#### WHAT THIS TASK INVOLVES
From the entries that follow, copy each line in which "Luxury" appears.

#### EXTRACTED DATA
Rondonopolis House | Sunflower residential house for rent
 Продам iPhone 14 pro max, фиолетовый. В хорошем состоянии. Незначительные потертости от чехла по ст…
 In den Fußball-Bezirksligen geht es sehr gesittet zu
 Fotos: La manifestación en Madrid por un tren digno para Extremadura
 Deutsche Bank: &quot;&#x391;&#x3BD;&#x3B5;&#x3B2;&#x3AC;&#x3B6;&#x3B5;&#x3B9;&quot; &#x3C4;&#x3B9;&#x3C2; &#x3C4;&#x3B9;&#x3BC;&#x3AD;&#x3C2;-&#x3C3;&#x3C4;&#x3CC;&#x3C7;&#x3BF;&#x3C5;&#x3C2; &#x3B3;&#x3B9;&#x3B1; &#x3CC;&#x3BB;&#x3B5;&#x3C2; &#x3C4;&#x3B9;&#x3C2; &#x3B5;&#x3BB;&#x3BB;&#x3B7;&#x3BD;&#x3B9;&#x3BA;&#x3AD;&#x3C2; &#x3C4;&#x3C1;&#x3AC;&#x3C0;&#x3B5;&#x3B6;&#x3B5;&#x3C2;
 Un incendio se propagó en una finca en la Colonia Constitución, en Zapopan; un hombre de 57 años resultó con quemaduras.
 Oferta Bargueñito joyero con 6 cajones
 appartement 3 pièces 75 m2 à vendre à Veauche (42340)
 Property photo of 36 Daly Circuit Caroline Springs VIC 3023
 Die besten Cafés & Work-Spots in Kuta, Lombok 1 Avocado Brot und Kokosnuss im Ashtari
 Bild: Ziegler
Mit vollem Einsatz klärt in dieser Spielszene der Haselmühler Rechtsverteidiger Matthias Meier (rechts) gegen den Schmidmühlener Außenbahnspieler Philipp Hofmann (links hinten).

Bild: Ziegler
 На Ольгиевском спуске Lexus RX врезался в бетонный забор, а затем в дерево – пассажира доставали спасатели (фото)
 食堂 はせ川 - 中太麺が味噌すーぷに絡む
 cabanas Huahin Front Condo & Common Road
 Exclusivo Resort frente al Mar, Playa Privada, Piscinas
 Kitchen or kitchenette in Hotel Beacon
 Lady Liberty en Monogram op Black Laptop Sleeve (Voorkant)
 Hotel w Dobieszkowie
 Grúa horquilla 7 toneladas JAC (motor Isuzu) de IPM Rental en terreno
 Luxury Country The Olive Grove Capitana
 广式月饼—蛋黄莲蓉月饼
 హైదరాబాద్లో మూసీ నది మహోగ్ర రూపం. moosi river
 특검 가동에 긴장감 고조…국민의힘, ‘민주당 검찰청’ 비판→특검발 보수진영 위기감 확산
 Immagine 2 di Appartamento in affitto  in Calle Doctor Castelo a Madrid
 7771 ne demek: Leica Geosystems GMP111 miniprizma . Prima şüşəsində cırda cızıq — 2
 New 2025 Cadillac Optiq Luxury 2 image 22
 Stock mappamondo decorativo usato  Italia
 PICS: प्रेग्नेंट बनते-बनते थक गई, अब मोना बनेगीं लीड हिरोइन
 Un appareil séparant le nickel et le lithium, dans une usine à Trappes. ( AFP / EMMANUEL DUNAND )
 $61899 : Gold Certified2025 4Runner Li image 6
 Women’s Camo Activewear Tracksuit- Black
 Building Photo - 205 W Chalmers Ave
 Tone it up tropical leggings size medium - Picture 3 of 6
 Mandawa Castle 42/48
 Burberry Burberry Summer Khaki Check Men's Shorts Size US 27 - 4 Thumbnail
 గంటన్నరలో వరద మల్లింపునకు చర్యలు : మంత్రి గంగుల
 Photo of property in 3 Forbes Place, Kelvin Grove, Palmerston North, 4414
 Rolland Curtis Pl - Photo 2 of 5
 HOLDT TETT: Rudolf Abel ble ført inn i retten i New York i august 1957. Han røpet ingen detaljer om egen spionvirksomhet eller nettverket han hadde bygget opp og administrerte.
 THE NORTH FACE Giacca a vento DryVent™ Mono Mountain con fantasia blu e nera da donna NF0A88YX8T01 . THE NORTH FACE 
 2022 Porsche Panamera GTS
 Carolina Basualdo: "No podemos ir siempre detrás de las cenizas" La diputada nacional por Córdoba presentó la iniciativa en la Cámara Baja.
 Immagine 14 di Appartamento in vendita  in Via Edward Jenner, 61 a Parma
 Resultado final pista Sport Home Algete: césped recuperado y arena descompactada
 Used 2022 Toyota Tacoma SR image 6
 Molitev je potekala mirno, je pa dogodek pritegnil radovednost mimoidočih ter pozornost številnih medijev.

#### YOUR RESPONSE
 Luxury Country The Olive Grove Capitana
 New 2025 Cadillac Optiq Luxury 2 image 22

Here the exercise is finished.